Overall, 85 CYT fields were presented as input to the extraction module; from each execution, a confusion matrix was computed. The resulting matrices were aggregated as a sum into a single “global” confusion matrix, reported in Table 4. Since, in this operative context, the primary goal is to quantify the identified cells, the recall metric was used. The presence of false positives in the evaluation has limited significance because, in the classification stage, all false positive cells extracted should be classified with the “other” label; hence, a precision metric was not computed.

The recall value is equal to 52.3%. This value is lower than the recall value reported in the work of Dimauro et al. [11], which is equal to 97.7% and computed on 1639 objects extracted from 50 SM fields. Low recall value must be interpreted considering the low density and low agglomeration values of CYT fields.
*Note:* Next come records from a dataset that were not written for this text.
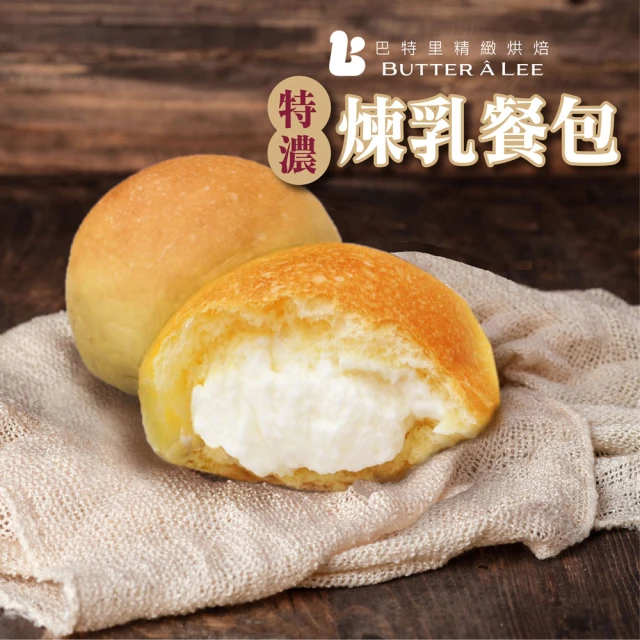 巴特里 特濃煉乳餐包20大包/200入(甜餐包系列)折扣推薦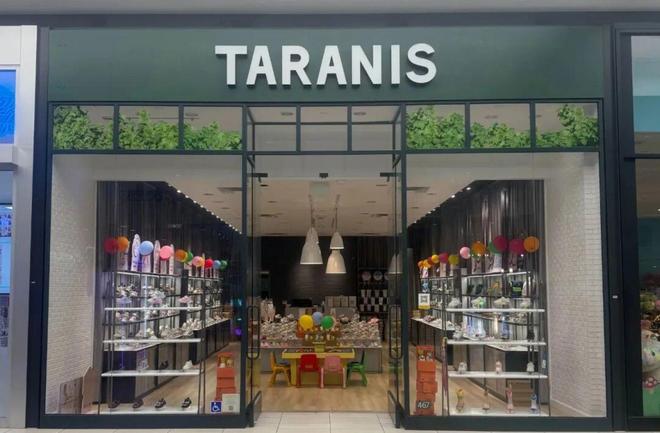 运动鞋服「打开局面」高价位大营销:儿童(图3) 运动鞋服「打开局面」高价位大营销:儿童(图3)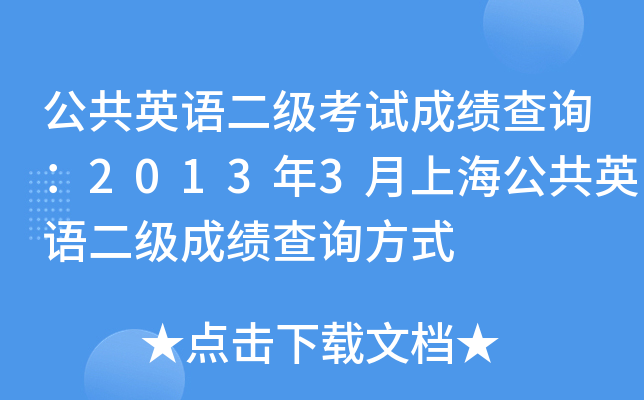 ӢZԇɿԃ20133ϺӢZɿԃʽ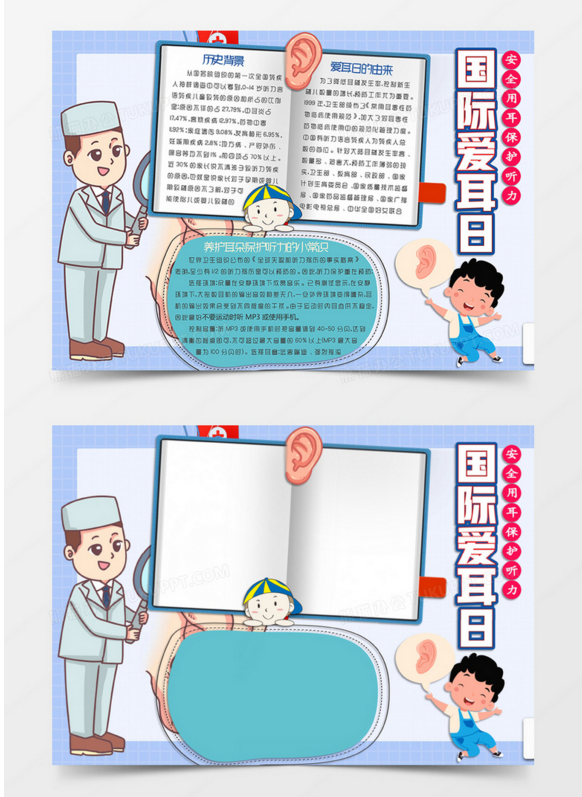 有关3月3日爱耳日的手抄报素材及内容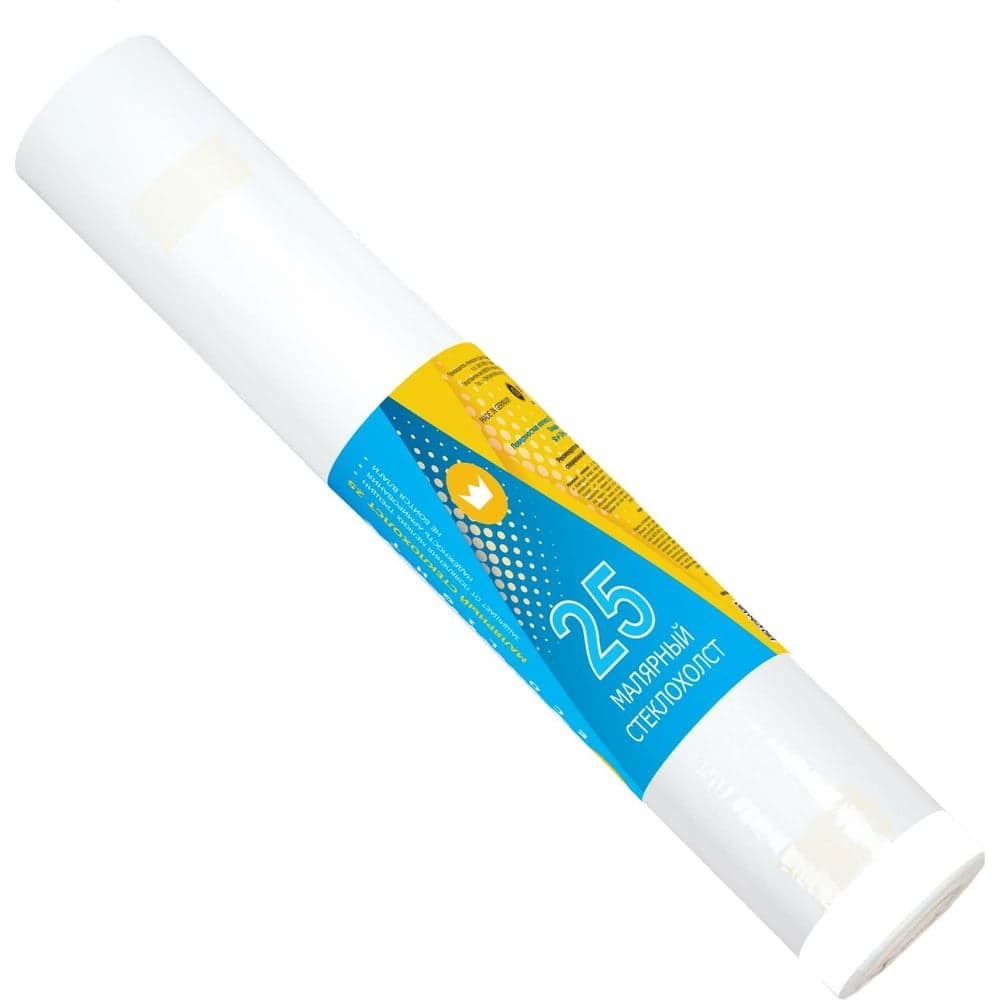 Малярный стеклохолст Swedtex Light сорт 1, паутинка, 25 г/кв.м, 50 кв.м L125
In contrast to what was supposed in hypothesis 1, the extraction module performance on CYT fields has deteriorated. The causes mainly lie in two factors:

Low field density: 75% of fields have a density value of less than 10%, implying that each field contains an average of 2–3 cells.
Outliers: CYT distribution is affected by outlier samples (Figure 8) that have a density value of over 35% and agglomeration values different from 0; these two quantities suggest the presence of fields with large agglomerates. These agglomerates are detected from the extraction module as a single region and discarded; since the region size is greater than a fixed empirical threshold, all the cells contained in the agglomerates are unavoidably lost. These two factors counterbalance the low true positive count with a high false negative count.

4.2.2. Classification

A further analysis of the extraction module algorithm reveals the causes behind the splitting problem presented in the previous sections. To detect the watershed transform markers, the extraction algorithm uses a maximum filter with a local window to compute local maxima. The window size is a fixed predefined parameter that does not adapt well to different cell sizes. If the cell area is much greater than the local window, multiple markers will be defined, producing an over-segmentation of the cell. The splitting problem mainly occurs in the case of ciliated cells that have an elongated morphology.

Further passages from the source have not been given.